С каждым годом у нас все помпезнее празднуется День Победы. И все заметнее нивелируется стремление разобраться, что же действительно происходило во время войны. Главное сейчас — это «гордиться», повесив рыже-черную ленточку на пиджаки и капоты, и выпивать за павших.

Память пытаются сделать инструментом политики: здесь помню, а здесь не помню. Помню победы, а позорные страницы истории — не помню. Всякая власть имеет тенденцию переписывать историю под себя. Поэтому переписывание учебников истории — процесс нескончаемый…

Забывчивость людей часто связана с тем, что им постоянно лгут — власть, пресса, телевидение, книги... Многие до сих пор не знают (или не верят), что огромное количество наших жертв ходе Второй мировой войны обусловлено некомпетентным или преступным руководством военными действиями. Преступным — это когда люди понимались как дешевый расходный материал.

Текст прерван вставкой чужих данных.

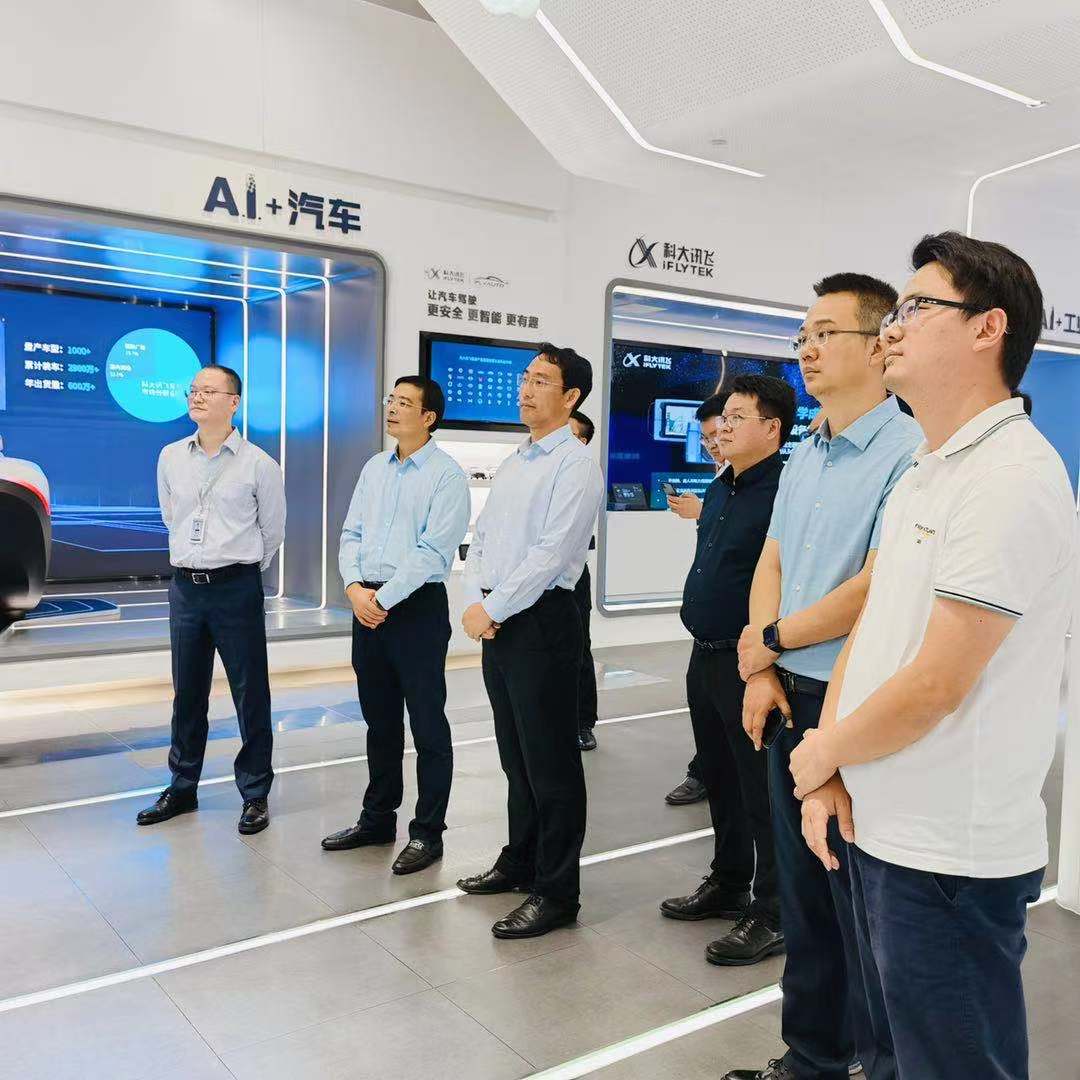 18ÐÂÀûluck¡¤(Öйú)-¹Ù·½ÍøÕ¾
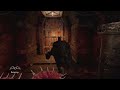 Batman: Return to Arkham - Arkham Asylum part 10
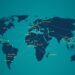 Recherche scientifique : Abidjan accueillera les assises de Pasteur Network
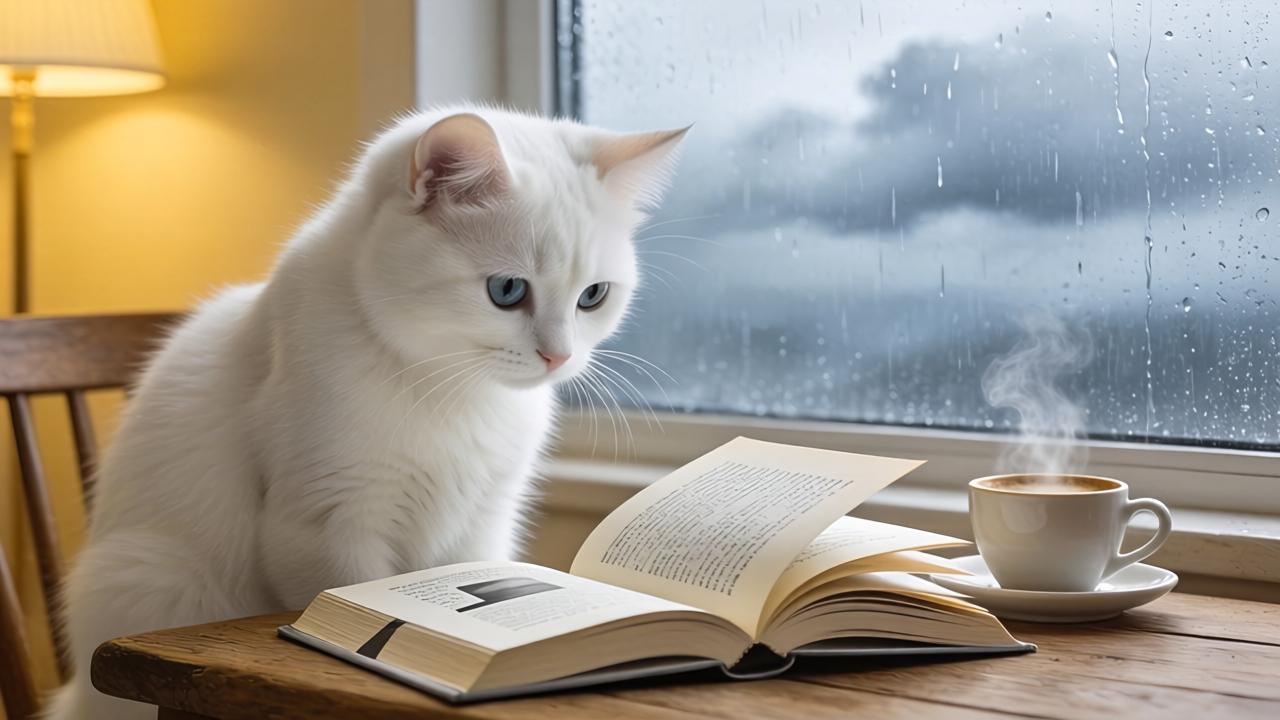 工布新年文旅体验活动成功举办 展现藏族传统文化魅力第二张图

Есть великая ложь о войне, и в этой лжи легко погрязнуть, особенно молодежи. Спросить не у кого: ветераны практически ушли. Да и разные они, ветераны: кто-то воевал на передовой, а кто-то работал в тылу; кто-то поднимал солдат в атаку, а кто-то выполнял установки партии и читал фронтовикам нотации; кто-то прошел через ГУЛАГ, а кто-то был охранником в ГУЛАГе... Прочитав роман Виктора Некрасова «В окопах Сталинграда», мы видим, что у этой войны совершенно другое лицо — не похожее на то, что смотрит с телеэкранов и со страниц одобренных властью учебников.

Для меня образцом писателя остается Виктор Астафьев, который, несмотря на жесткое противодействие, открыто написал о том, что действительно происходило во время войны. Тем, кто хочет знать правду, надо прочесть его роман «Прокляты и убиты». Он сам участвовал в этой войне и хорошо показал, что гордиться военной победой безнравственно: на войне бывает всякое, и главное ее событие — убийство. Становящееся обыденностью.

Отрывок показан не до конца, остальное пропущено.